Is financial education in schools working?

Recent research has found that millions of us don’t feel that we have ever used any of the life skills we learned at school – especially when it comes to financial information

Nearly 25 million Brits wish they had been taught more about budgeting at school. Learning about pensions, interest rates, tax rates, and savings are important factors missing from the curriculum.

The report also found that over 12.5 million have never used any of the life skills they learned at school in adult life. Additionally, it discovered English is considered the most important subject to learn at school, with 86.3% agreeing to this compared to 82.8% in favour of maths and 48% for IT.

The study was conducted by 118 118 Money and asked the British public about the amount of financial education they received at school.

Only 14.8% were taught about budgeting and nearly 47.7% wish they had been taught more about pensions, interest rates, tax rates and savings. The stats improve slightly with millennials, but 60% of 18-24-year olds still claim to be ignorant in the face of personal finance; knowledge about interest rates is worryingly low, with a mere 12.5% learning about it.

Even since the introduction of financial education to the secondary school curriculum in England, in September 2014, two-thirds of teachers still say it is somewhat, or very, ineffective. This information comes from a report, published in 2016 by The Money Charity, which also found that three-quarters of teachers have seen little or no change since financial education was added to the curriculum.

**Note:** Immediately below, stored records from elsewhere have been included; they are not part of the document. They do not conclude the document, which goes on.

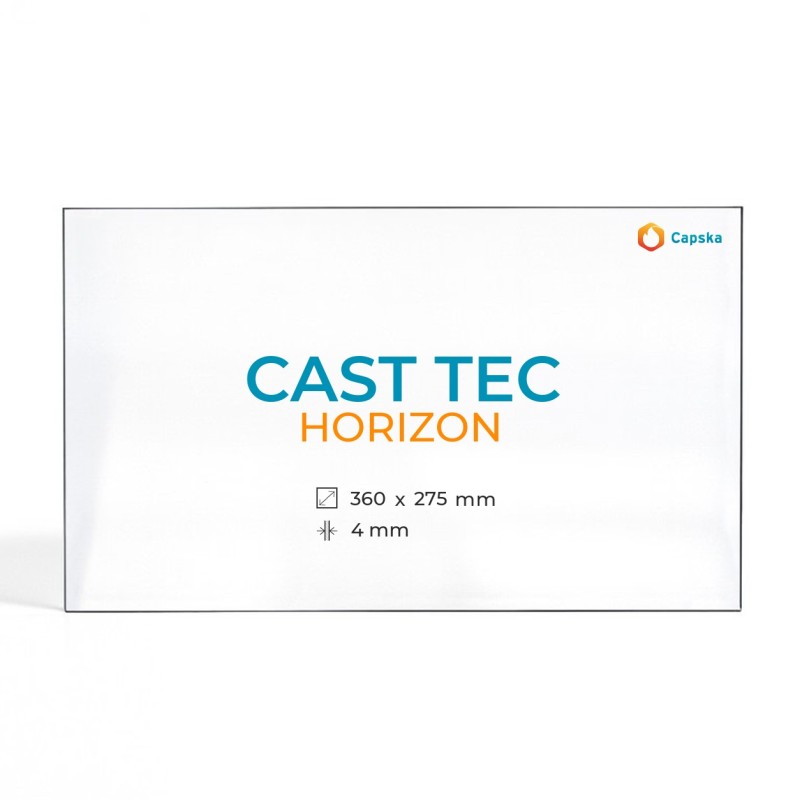 Vetro Cast Tec HORIZON - Vetro Rettangolo per stufa a legna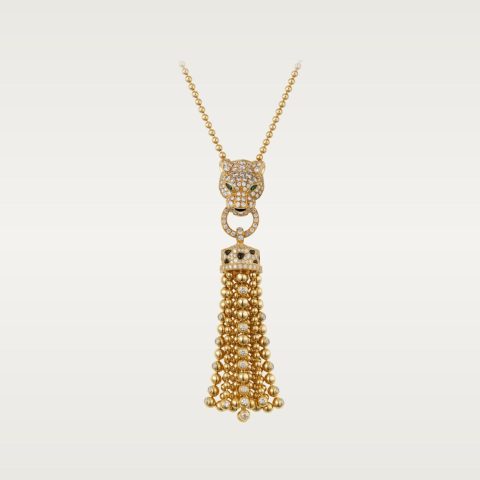 Cartier Panthère de N7424213 Cartier Necklace Yellow Gold Emeralds Onyx 2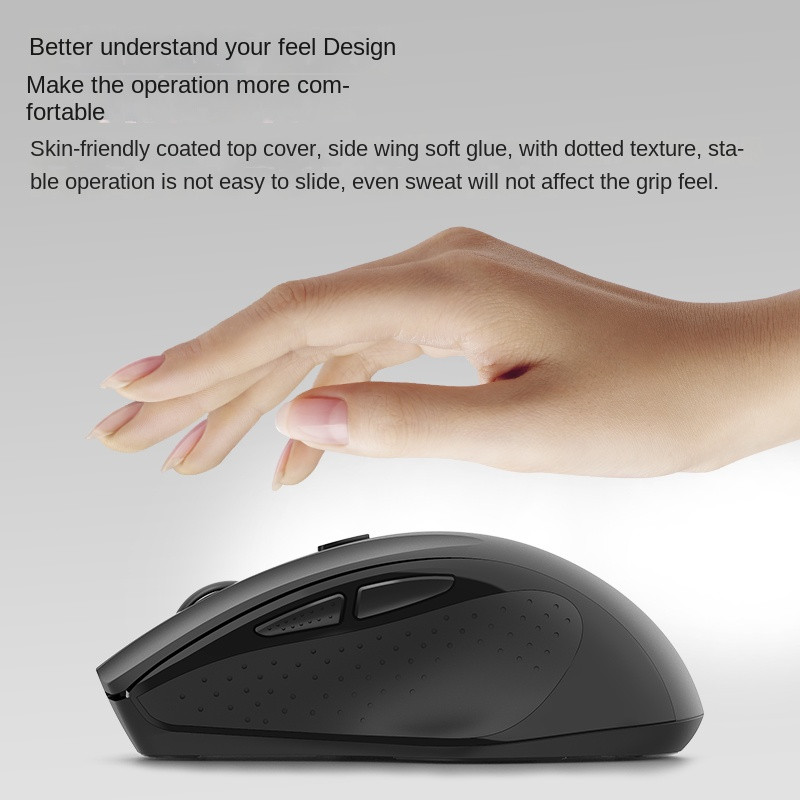 RF9500 Bluetooth juhtmevaba poiste ja tüdrukute armas taaslaetav mäng Kolmas katsehiir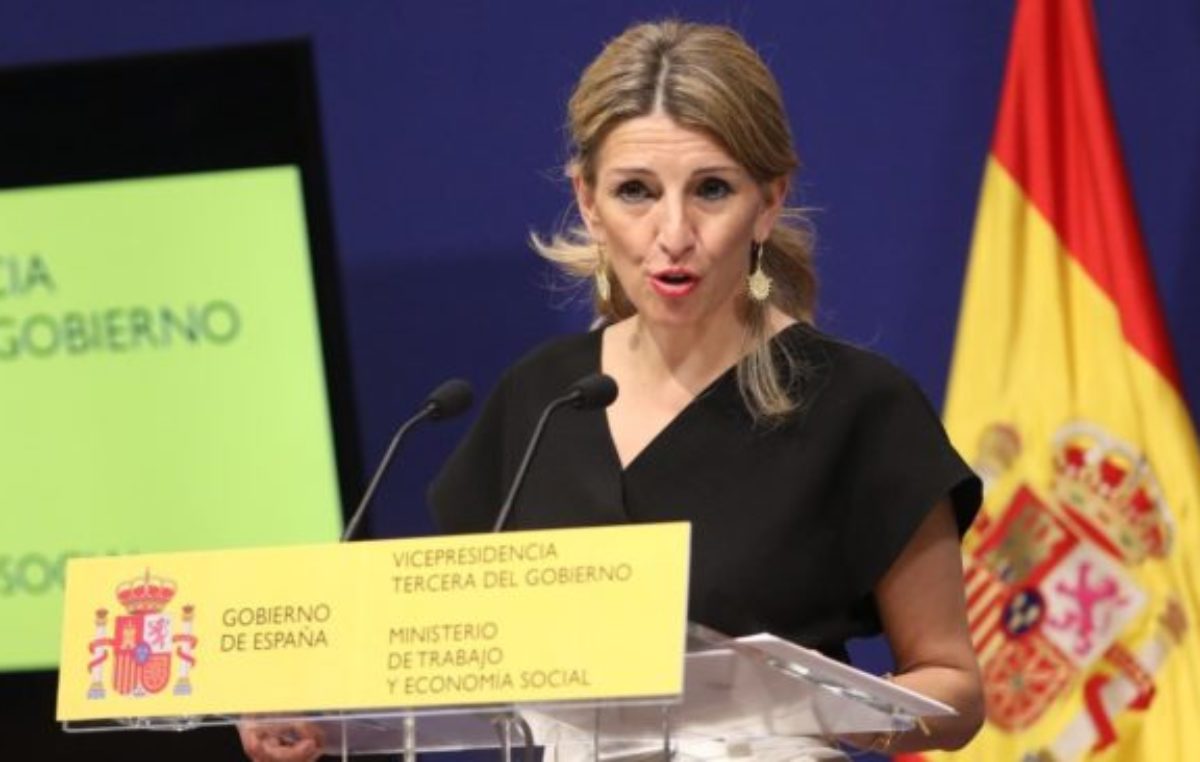 La vicepresidenta española dijo que los hiper ricos deben pagar más impuestos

With a lack of knowledge on financial subjects when leaving school, people are most likely to turn to internet search engines for financial advice, with more than half of us (53.5%) picking this as our favourite method.

However, in stark contrast, nearly seven per cent of 18-24 year olds would be prepared to place their trust in the world of social media. For the over 65s, a financial advisor/expert is the chosen method, with a quarter opting for this (25.6%) compared to an average of 6.3% of other age groups.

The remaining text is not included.